Et pourtant, la période où les manifestants endimanchés formaient les cortèges du 1er mai n'est pas loin. Pendant plus de 40 ans, ces flots bariolés et enjoués ont exprimé, selon la rhétorique officielle, la détermination à marcher vers un avenir victorieux, vers le communisme. Dans le monde entier, au moins dans celui rassemblé dans le « camp de la paix » (NDLR: le bloc communiste), une vague humaine déferlait une fois par an sur les villes. Des milliers d'hommes et de femmes se regroupaient sur leurs lieux de travail et formaient un torrent puissant et invincible qui serpentait dans les rues. Les régimes communistes transformèrent cette journée en une date emblématique du calendrier officiel. De journée de lutte, le 1er mai devint un jour de fête, une célébration du travail et de son héros, le travailleur. Ce fut l'occasion de diffuser des modèles de comportements et une représentation de la société idéale adressée autant aux nationaux qu'aux spectateurs étrangers. Si cette représentation est aujourd'hui disparue, elle n'en laisse pas moins une possibilité de comprendre ce que devait être, aux yeux des autorités communistes, la nouvelle société communiste, ses héros et ses valeurs.

« Prolétaires de tous les pays, unissez-vous ! »

À 8 heures du matin, ce 1er mai 1958, la tête du défilé du 1er mai apparaît devant le Musée national, sur la Place Venceslas, à Prague. Selon le journal officiel Rudé právo, « Toute la place retentit d'un premier cri : ‘Vive le Parti communiste tchécoslovaque !’, ‘Avec l’Union soviétique pour l'éternité', ‘Vive la paix !’ … Les milliers de spectateurs répondent et saluent le drapeau tchécoslovaque entouré d'étendards rouges ». Le cortège se dirige vers la tribune principale. Apparaissent progressivement les grands portraits de Marx, Engels, Lénine, celui du « premier président ouvrier » tchécoslovaque, Klement Gottwald et de son successeur, Antonín Zápotocký. Une marée d'étendards rouges annonce les portraits des membres du Politburo du Comité central du Parti communiste tchécoslovaque (PCT) et des camarades Khrouchtchev et Vorochilov.

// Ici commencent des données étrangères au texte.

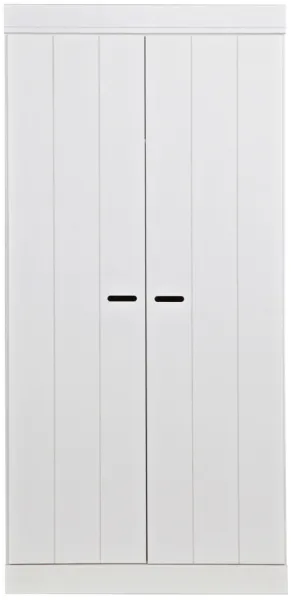 Connect, Kleiderschrank, 2 Türen, weiß, H195x53x94 cm, Kiefer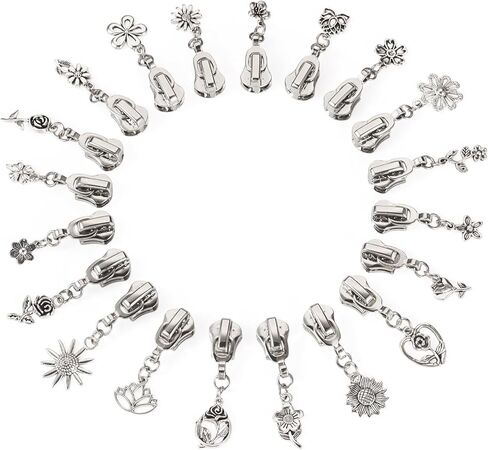Cheriswelry 20pcs Heart Zipper Sliders for Jackets Handbags Backpacks Alloy Replacement Zipper Sliders Metal Zippers Pull Replacement for DIY Craft Bag Luggage Clothing Wallet Costume in Saudi Arabia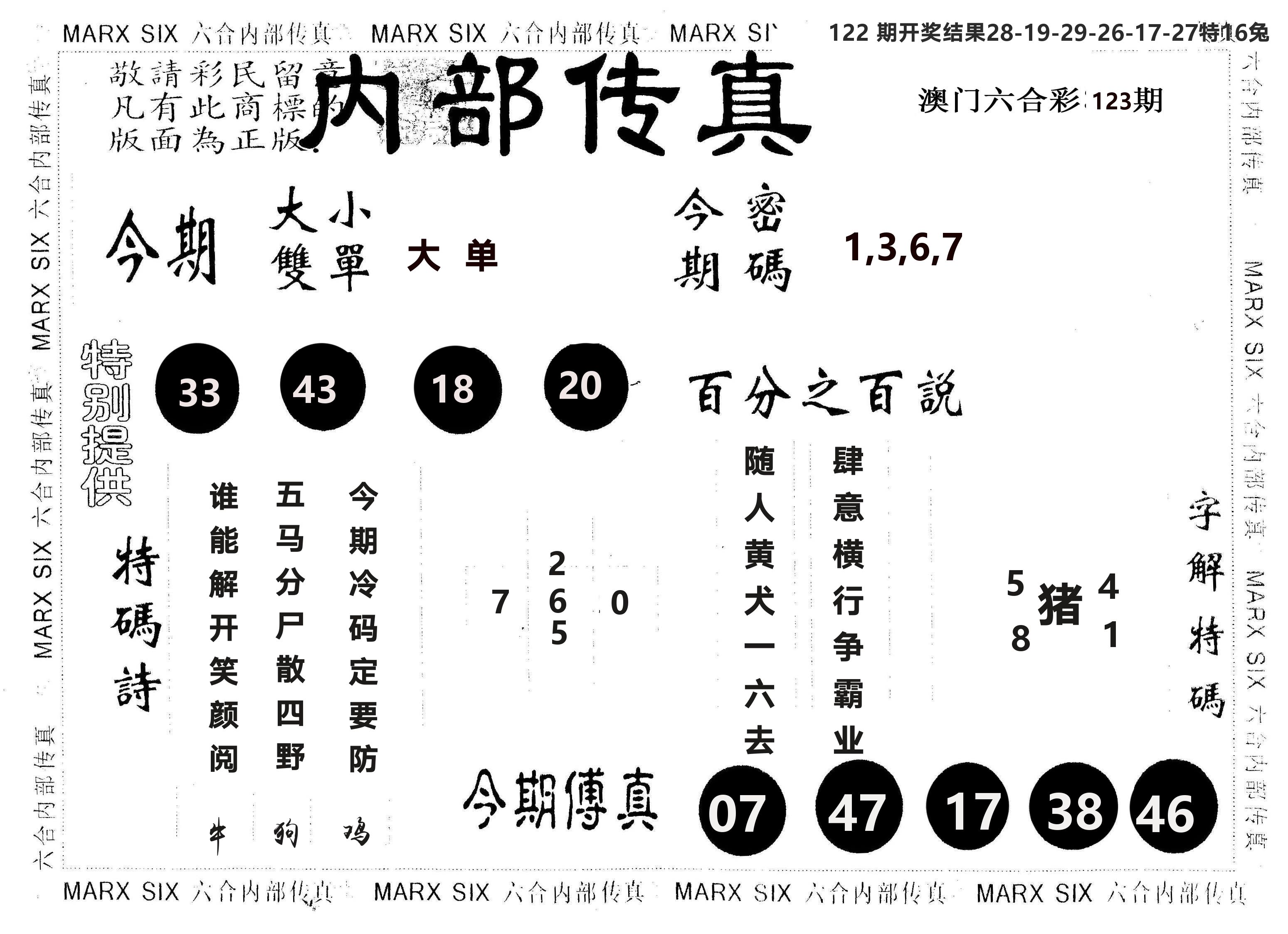 另版内部传真 第123期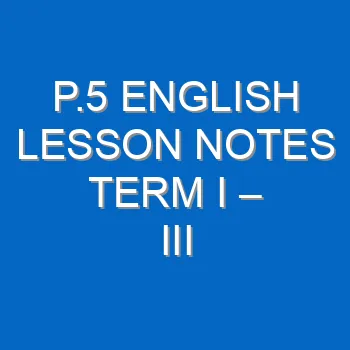 P 5 English Lesson Notes Term I Iii 5255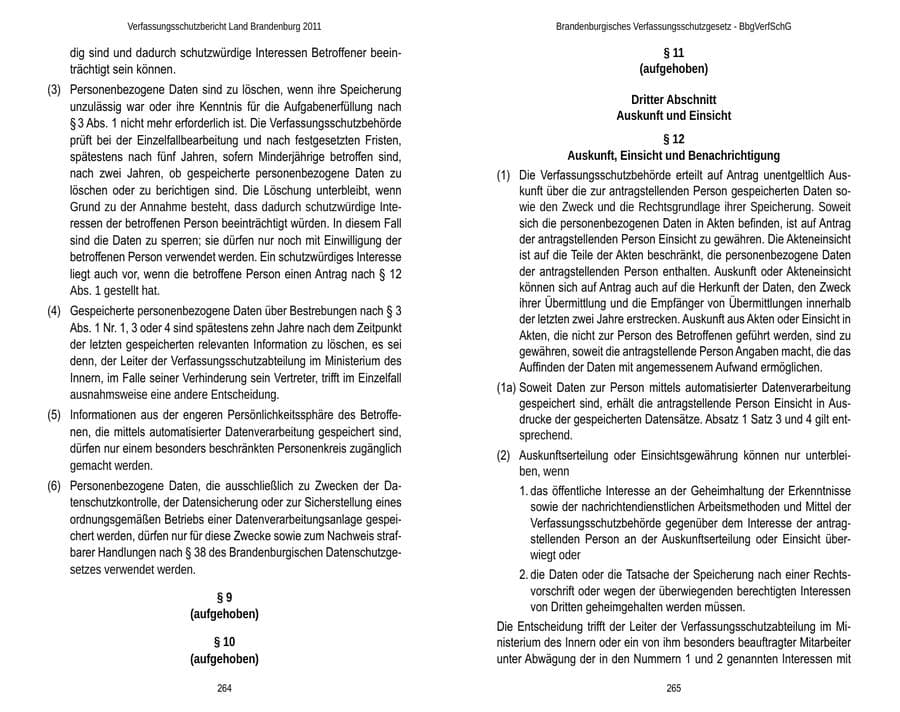 Seite 136 des Verfassungsschutzbericht 2011 Brandenburg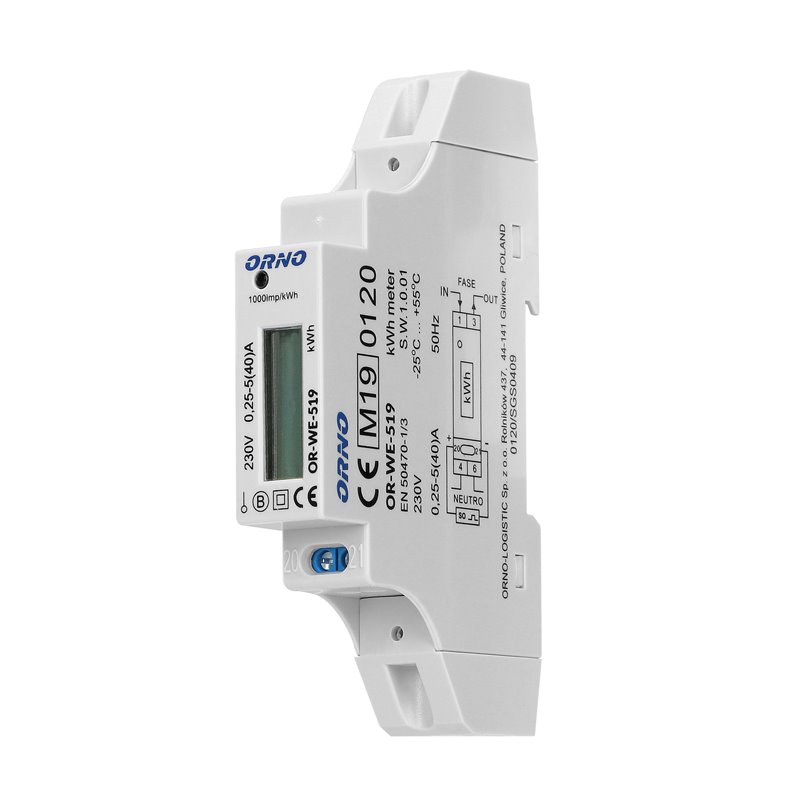 1-FAZOWY LICZNIK ENERGII ELEKTRYCZNEJ, 40A, MID, WYJŚCIE IMPULSOWE, 1 MODUŁ, DIN TH-35MM ORNO 1-FAZOWY LICZNIK ENERGII ELEKTRYCZNEJ, 40A, MID, WYJŚCIE IMPULSOWE, 1 MODUŁ, DIN TH-35MM ORNO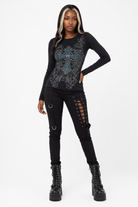 Rhinestone Cross Grunge Top Long Sleeve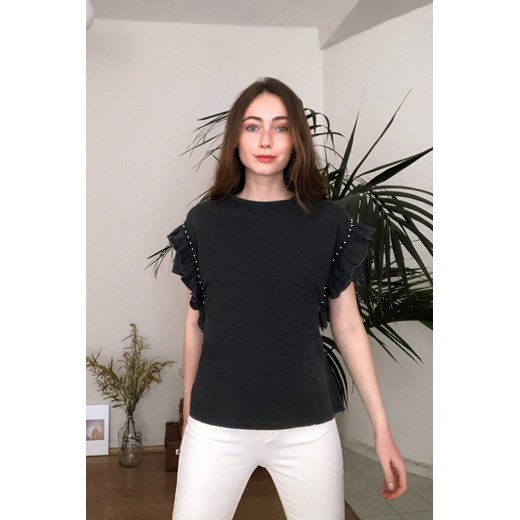 Trendyol Anthracite Washed Frilled Knitted Shirt Trendyol M Factcool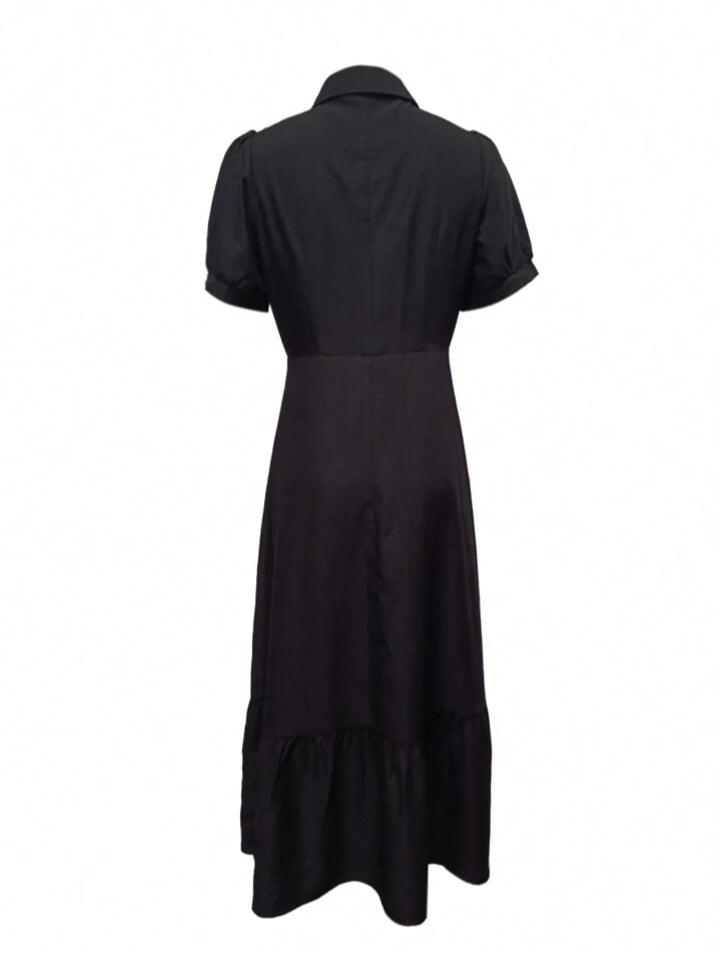 Black Short Puff Sleeve Maxi Dress without Belt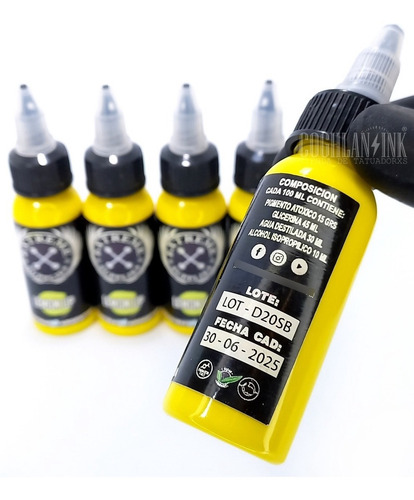 Imagen 3 de 7 de Tinta Tattoo Extreme Lemon Up X 1oz Tatuajes Tatuar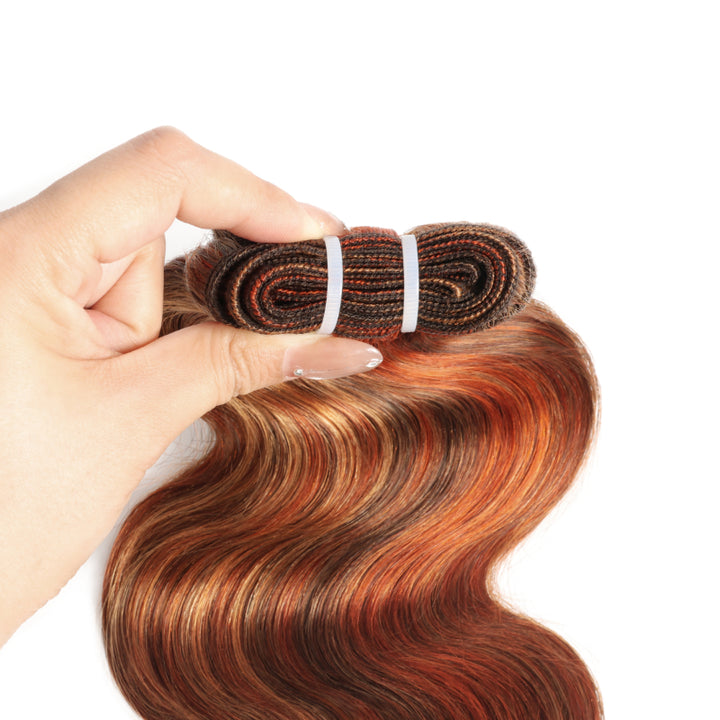 RhisoHair 3Body Wave Bundles P4/27/350 Mix Brown Highlight Human Hair 100% Unprocessed Brazilian Virgin Human Hair Double Weft Extensions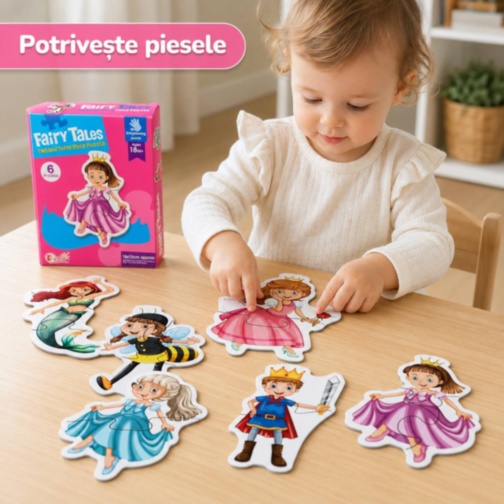 Set puzzle cu personaje din povești pentru copii mici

À travers toute la place s'étend la bannière avec la devise principale du 1er mai de cette année : « Sous la direction du PCT vers l'avant pour l'accomplissement de l'édification du socialisme ! » Une fois la tête du défilé arrivée devant la tribune principale, décorée par les portraits de Marx, Engels, Lénine et Gottwald et par la devise « Prolétaires de tous les pays, unissez-vous ! », le cortège s'arrête. La place est alors remplie d'une « marée bariolée et joyeuse, chantant les chansons révolutionnaires ».

L'« homme socialiste »

Tel un mythe conté, le défilé du 1er mai représente toute l'histoire du mouvement ouvrier, de ses débuts jusqu'à l'époque contemporaine. Il s'ouvre par le drapeau rouge, marquant le départ de la révolution ouvrière. Les portraits de Marx, Engels et Lénine, rappellent les « pères fondateurs » de la doctrine du régime, et celui de Gottwald, nommé le « premier président ouvrier », le premier propagateur de leur enseignement en Tchécoslovaquie. Les représentations des membres du Politburo réunissent les réalisateurs actuels de ce programme. Les salutations adressées aux autres pays du bloc rassemblent la communauté de « peuples frères » formée au lendemain de la Seconde Guerre mondiale et les banderoles à la gloire des partis communistes occidentaux préfigurent les futurs élargissements de cette communauté. L'idéal héroïque de cette communauté, l’ « homme socialiste », apparaît de la fusion des meilleures qualités des Milices populaires, dévouées au régime, des sportifs aux corps d'athlètes, des travailleurs de réserve investis dans l'édification du socialisme et de la jeunesse socialiste cultivant l'esprit de camaraderie et de solidarité. Les populations, organisées en délégations d'entreprises dans le corps du cortège, réalisent, par leur travail, la future société communiste. Dans sa composition, le cortège respecte ainsi la chronologie de l'histoire du mouvement ouvrier. Par son avancement, il annonce la suite de l'histoire.

La dialectique des masses

Car le défilé est une marche des masses au sens propre, mais également au sens figuré. L'avancement du cortège réfléchit l'image d'une société en marche vers l'avant, vers l'avenir. Le matin du 1er mai, la société entière se met en mouvement et part, au même moment et dans tout le pays, pour une marche victorieuse : « Comme des milliers de ruisseaux, ils quittent les campagnes et les entreprises pour se fondre en un torrent retentissant ». L'idée hégélienne de la dialectique des masses retrouve son apothéose dans le défilé national de la capitale. La métaphore peut être poursuivie au-delà des frontières. Le même jour, toutes les démocraties populaires se mettent en marche. Grâce à un jeu opportun de décalage horaire, le défilé sur la Place rouge à Moscou donne symboliquement le départ aux défilés dans les capitales européennes des autres pays socialistes. Dès l'apparition de la télévision, le décalage horaire sert à rappeler cette hiérarchie. La retransmission en direct du défilé de Moscou ouvre la journée télévisée et les défilés dans les autres capitales du bloc de l'Est s'alignent sur lui.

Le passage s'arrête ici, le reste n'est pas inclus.